A Kubernetes Based System for Serverless Asynchronous Load

Aug 2, 20227 min read

Updated: Feb 6, 2023

Velo by Wix enables website creators to extend their site by writing JavaScript code to add custom functionality and interactions to their sites. Velo provides a full server-side runtime system based on Node.js. The runtime is hosted on Wix's cloud services and provides serverless experience - users do not need to worry about any server setup or maintenance.

The requirements for such a runtime are rather unique as it needs to support Wix’s scale of hundreds of millions of websites, must have a response time under 100 ms at 50th percentile for the users’ requests, while also taking into account resource consumption and cost. Another crucial requirement is maintaining complete isolation between the runtime of different sites - since it enables execution of arbitrary code written by a website creator, it must be executed in an isolated sandboxed environment and not affect runtimes of other websites or the overall system.

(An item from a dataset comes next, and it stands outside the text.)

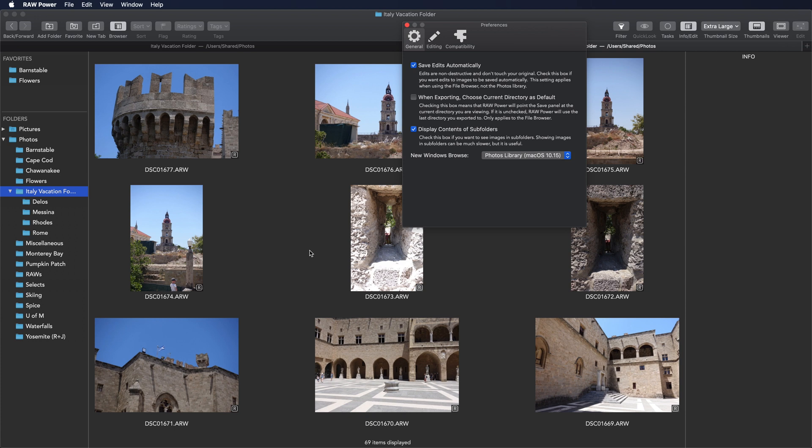And that's a quick tour of the user interface for the file browser. Thanks for watching.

Photo by Rodrigo Abreu on Unsplash

Initial Implementation

The initial implementation consisted of a Kubernetes cluster which holds a pool of workers (pods in deployment) that are up and running and waiting for user traffic. When a request comes in, a Broker service selects an arbitrary pod from of the pool and prepares it to handle traffic for that site:

The pod is excluded from the pool (deployment) by changing one of its labels
The site’s code and dependencies are made accessible to the pod
The request (and following requests to the same site) is forwarded to that pod

This allows for very short “cold start” in which the first request for the site gets a response within less than 100 milliseconds. Subsequent requests hit the “warmed” pod and get a response even faster.

The pod serving the requests is automatically killed after a certain number of minutes so that it doesn’t consume resources for too long. Also, once a pod leaves the deployment, Kubernetes schedules a new pod to reconcile for the configured number of replicas, thus the worker pool size is maintained.

The pain

This architecture worked well for us. Almost.

We discovered that there are peak times, most of which at round hours, when there is a spike of requests - each to a different site and thus each requiring a new pod from the pool. During these spikes the pool of waiting workers quickly becomes exhausted as Kubernetes is not able to schedule new pods fast enough. Also, calls against Kubernetes API server become increasingly slow.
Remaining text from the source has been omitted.